» **Goal of the exercise**
Output range, inclusive: from the line containing "leadology.ru alternative sites" to the line containing "算命五行缺什么怎么查(五行缺失如何补充)". Restate those lines from the data below word for word and only those.

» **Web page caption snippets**
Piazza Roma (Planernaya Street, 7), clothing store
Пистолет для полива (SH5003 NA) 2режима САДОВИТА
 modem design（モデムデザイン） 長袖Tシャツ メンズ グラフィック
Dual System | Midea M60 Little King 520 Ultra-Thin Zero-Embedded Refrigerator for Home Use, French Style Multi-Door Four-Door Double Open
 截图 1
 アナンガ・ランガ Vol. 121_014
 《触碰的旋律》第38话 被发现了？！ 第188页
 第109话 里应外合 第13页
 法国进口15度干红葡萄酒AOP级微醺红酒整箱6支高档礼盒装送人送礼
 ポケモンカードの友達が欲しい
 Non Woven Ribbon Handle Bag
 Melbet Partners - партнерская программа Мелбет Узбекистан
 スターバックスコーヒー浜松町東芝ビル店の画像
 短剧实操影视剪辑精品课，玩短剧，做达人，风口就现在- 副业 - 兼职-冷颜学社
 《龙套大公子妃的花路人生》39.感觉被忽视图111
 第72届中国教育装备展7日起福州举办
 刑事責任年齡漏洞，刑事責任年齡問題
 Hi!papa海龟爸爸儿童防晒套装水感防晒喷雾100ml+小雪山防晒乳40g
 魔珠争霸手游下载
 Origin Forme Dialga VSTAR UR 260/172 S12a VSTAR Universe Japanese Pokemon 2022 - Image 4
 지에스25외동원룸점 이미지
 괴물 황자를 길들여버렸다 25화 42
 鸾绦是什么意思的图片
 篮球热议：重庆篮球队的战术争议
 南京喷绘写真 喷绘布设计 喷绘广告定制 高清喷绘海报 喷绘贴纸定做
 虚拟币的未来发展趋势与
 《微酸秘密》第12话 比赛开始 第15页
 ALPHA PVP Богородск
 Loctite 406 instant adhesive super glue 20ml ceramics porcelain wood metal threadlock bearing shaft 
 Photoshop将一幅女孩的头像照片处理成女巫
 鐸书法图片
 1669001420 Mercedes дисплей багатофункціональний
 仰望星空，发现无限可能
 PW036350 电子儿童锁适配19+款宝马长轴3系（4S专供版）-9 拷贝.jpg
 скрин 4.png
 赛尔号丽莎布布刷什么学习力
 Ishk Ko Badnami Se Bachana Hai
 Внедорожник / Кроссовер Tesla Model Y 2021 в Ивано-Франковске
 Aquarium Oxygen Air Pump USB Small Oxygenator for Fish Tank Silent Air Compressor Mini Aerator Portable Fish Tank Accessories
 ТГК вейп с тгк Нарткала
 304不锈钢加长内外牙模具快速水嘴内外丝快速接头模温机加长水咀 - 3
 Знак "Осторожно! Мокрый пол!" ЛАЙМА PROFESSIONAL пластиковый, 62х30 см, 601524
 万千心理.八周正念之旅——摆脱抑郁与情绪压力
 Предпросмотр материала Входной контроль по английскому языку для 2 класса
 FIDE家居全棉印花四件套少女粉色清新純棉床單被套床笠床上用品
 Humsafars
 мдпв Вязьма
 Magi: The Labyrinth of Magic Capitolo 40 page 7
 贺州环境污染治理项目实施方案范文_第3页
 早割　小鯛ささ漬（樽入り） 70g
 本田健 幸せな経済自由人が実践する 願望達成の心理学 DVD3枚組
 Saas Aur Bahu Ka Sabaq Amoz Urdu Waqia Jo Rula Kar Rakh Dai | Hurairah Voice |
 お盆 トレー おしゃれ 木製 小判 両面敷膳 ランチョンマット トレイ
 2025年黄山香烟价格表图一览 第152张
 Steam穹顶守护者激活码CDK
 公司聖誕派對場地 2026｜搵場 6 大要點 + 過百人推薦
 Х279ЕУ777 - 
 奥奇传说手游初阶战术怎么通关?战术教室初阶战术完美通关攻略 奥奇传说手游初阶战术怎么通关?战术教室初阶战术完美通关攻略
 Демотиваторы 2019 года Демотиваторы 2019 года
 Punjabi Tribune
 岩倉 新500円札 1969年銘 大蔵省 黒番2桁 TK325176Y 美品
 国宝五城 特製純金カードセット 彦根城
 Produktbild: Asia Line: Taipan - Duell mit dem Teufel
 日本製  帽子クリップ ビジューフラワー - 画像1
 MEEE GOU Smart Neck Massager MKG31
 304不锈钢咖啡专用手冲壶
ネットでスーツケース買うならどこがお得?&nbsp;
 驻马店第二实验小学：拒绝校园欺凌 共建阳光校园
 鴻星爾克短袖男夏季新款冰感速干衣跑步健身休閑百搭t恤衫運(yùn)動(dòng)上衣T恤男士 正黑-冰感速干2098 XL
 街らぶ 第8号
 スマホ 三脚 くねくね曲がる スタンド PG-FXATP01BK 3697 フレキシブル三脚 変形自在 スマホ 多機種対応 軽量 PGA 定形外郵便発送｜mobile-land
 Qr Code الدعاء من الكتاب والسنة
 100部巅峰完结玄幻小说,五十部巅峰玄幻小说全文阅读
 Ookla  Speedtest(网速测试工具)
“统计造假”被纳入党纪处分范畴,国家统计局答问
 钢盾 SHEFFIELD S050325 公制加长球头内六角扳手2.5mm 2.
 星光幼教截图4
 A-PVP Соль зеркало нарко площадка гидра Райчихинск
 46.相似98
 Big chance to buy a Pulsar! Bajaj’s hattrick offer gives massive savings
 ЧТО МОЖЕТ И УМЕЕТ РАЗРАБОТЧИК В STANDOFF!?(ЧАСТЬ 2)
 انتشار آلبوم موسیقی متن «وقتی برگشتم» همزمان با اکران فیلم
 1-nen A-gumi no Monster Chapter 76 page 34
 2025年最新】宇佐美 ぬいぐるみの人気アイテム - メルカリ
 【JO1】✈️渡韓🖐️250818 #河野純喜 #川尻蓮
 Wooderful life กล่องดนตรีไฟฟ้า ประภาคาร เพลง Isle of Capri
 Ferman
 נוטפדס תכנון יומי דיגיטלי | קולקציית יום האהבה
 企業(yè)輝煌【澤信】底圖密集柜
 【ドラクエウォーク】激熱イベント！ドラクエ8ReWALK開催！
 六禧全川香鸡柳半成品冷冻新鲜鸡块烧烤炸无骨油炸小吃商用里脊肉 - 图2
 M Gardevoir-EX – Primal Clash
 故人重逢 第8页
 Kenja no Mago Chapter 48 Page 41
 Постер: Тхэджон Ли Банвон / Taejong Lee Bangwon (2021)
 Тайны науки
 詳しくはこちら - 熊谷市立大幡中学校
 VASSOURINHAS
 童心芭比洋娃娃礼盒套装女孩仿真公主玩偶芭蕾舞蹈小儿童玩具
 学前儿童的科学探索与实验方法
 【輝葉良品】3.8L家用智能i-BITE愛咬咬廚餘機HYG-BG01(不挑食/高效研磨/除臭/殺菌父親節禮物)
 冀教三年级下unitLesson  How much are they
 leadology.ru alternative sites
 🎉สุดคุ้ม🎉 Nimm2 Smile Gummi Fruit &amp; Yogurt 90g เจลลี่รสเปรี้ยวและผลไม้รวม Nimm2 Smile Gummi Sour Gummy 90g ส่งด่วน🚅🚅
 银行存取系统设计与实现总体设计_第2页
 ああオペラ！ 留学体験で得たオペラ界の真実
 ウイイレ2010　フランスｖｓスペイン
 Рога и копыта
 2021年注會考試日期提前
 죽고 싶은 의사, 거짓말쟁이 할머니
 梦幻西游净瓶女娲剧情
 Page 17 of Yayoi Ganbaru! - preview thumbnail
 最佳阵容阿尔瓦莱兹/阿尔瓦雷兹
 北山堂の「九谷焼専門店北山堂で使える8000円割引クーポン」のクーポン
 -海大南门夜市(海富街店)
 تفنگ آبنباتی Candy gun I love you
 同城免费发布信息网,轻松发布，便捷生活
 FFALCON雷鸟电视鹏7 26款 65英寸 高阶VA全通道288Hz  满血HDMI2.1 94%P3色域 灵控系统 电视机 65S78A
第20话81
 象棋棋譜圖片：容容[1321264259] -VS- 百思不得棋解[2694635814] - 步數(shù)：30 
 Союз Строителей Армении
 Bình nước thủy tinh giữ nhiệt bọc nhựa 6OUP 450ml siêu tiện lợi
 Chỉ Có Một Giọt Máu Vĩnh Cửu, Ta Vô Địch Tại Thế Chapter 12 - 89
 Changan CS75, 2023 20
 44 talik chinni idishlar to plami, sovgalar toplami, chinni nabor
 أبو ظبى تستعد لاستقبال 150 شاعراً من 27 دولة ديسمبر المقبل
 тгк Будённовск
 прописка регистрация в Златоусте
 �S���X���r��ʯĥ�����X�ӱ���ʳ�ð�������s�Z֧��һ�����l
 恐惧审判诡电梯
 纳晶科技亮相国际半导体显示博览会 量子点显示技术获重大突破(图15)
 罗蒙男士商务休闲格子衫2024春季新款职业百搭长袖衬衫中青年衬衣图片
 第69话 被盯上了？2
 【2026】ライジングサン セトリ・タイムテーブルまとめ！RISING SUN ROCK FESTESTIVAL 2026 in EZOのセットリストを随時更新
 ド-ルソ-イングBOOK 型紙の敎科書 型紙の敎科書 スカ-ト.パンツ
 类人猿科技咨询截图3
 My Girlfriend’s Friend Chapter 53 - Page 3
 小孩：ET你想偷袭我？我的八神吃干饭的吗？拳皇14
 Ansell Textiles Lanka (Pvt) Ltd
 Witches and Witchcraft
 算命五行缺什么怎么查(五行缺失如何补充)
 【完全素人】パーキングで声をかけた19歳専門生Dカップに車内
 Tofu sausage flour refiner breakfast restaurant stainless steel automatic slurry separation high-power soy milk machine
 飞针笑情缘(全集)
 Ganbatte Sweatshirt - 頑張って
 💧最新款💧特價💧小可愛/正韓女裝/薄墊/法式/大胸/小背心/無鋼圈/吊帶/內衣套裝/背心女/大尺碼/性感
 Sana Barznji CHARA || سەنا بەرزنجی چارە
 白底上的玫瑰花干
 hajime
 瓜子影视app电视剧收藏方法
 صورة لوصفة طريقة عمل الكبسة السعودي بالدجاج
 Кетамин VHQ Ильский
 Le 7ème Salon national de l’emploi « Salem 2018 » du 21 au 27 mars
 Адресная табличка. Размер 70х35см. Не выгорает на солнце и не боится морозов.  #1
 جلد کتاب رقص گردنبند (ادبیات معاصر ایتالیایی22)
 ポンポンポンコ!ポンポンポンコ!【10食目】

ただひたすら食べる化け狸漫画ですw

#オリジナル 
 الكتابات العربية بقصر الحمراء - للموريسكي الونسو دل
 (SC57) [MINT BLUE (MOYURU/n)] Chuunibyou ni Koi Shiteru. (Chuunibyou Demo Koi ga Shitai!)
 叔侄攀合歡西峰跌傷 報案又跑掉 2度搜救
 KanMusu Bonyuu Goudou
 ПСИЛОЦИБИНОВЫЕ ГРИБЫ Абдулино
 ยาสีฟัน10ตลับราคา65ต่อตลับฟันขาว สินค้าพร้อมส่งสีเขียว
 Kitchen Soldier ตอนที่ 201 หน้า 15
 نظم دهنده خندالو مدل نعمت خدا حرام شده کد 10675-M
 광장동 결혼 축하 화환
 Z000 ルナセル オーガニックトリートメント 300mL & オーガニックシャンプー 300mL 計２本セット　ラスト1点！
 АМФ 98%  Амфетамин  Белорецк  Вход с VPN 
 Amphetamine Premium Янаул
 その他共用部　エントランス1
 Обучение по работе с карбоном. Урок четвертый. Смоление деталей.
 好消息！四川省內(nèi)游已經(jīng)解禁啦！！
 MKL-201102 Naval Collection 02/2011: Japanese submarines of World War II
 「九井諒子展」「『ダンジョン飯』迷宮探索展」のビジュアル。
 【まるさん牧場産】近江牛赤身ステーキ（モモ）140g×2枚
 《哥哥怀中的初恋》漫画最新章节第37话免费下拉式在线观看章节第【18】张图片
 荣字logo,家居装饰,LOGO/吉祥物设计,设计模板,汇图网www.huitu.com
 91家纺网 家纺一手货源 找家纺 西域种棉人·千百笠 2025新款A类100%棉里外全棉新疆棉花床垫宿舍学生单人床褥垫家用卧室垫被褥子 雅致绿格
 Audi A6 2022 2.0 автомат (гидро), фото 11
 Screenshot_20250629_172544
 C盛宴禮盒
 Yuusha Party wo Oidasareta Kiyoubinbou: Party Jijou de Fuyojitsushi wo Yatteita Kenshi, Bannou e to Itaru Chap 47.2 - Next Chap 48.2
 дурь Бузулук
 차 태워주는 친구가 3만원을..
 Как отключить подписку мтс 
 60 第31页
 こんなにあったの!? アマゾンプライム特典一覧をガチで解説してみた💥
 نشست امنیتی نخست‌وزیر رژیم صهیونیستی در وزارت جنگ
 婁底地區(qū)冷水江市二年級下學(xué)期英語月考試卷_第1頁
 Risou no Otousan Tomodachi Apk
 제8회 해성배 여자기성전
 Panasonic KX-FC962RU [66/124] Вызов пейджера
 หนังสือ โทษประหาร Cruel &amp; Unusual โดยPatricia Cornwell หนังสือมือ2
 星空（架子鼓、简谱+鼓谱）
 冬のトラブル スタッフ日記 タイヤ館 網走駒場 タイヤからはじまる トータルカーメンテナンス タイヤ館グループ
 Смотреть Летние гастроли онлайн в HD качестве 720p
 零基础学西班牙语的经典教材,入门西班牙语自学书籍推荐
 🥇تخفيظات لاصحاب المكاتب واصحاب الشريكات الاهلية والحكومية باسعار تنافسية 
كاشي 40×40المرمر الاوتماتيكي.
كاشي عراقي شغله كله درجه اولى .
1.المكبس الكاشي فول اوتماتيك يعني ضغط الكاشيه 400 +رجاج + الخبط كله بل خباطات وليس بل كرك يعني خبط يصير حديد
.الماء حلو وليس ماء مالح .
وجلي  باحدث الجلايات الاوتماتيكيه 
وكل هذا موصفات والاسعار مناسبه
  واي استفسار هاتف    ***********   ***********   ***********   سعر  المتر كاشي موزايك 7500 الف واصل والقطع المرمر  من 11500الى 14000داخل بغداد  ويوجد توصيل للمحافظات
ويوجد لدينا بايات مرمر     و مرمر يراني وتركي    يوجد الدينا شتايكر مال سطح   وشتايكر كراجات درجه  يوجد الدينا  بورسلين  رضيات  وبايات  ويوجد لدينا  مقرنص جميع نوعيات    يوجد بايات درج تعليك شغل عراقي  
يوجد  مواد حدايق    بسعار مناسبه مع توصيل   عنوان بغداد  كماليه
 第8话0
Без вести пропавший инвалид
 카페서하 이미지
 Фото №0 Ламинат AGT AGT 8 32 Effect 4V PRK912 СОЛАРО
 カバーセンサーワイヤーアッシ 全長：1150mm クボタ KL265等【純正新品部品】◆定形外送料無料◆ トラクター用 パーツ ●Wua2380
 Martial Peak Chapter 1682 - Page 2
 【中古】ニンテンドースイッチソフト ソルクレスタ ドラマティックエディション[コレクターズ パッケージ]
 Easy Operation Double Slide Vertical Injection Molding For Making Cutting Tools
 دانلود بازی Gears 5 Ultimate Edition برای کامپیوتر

» **Written response**
 leadology.ru alternative sites
 🎉สุดคุ้ม🎉 Nimm2 Smile Gummi Fruit &amp; Yogurt 90g เจลลี่รสเปรี้ยวและผลไม้รวม Nimm2 Smile Gummi Sour Gummy 90g ส่งด่วน🚅🚅
 银行存取系统设计与实现总体设计_第2页
 ああオペラ！ 留学体験で得たオペラ界の真実
 ウイイレ2010　フランスｖｓスペイン
 Рога и копыта
 2021年注會考試日期提前
 죽고 싶은 의사, 거짓말쟁이 할머니
 梦幻西游净瓶女娲剧情
 Page 17 of Yayoi Ganbaru! - preview thumbnail
 最佳阵容阿尔瓦莱兹/阿尔瓦雷兹
 北山堂の「九谷焼専門店北山堂で使える8000円割引クーポン」のクーポン
 -海大南门夜市(海富街店)
 تفنگ آبنباتی Candy gun I love you
 同城免费发布信息网,轻松发布，便捷生活
 FFALCON雷鸟电视鹏7 26款 65英寸 高阶VA全通道288Hz  满血HDMI2.1 94%P3色域 灵控系统 电视机 65S78A
第20话81
 象棋棋譜圖片：容容[1321264259] -VS- 百思不得棋解[2694635814] - 步數(shù)：30 
 Союз Строителей Армении
 Bình nước thủy tinh giữ nhiệt bọc nhựa 6OUP 450ml siêu tiện lợi
 Chỉ Có Một Giọt Máu Vĩnh Cửu, Ta Vô Địch Tại Thế Chapter 12 - 89
 Changan CS75, 2023 20
 44 talik chinni idishlar to plami, sovgalar toplami, chinni nabor
 أبو ظبى تستعد لاستقبال 150 شاعراً من 27 دولة ديسمبر المقبل
 тгк Будённовск
 прописка регистрация в Златоусте
 �S���X���r��ʯĥ�����X�ӱ���ʳ�ð�������s�Z֧��һ�����l
 恐惧审判诡电梯
 纳晶科技亮相国际半导体显示博览会 量子点显示技术获重大突破(图15)
 罗蒙男士商务休闲格子衫2024春季新款职业百搭长袖衬衫中青年衬衣图片
 第69话 被盯上了？2
 【2026】ライジングサン セトリ・タイムテーブルまとめ！RISING SUN ROCK FESTESTIVAL 2026 in EZOのセットリストを随時更新
 ド-ルソ-イングBOOK 型紙の敎科書 型紙の敎科書 スカ-ト.パンツ
 类人猿科技咨询截图3
 My Girlfriend’s Friend Chapter 53 - Page 3
 小孩：ET你想偷袭我？我的八神吃干饭的吗？拳皇14
 Ansell Textiles Lanka (Pvt) Ltd
 Witches and Witchcraft
 算命五行缺什么怎么查(五行缺失如何补充)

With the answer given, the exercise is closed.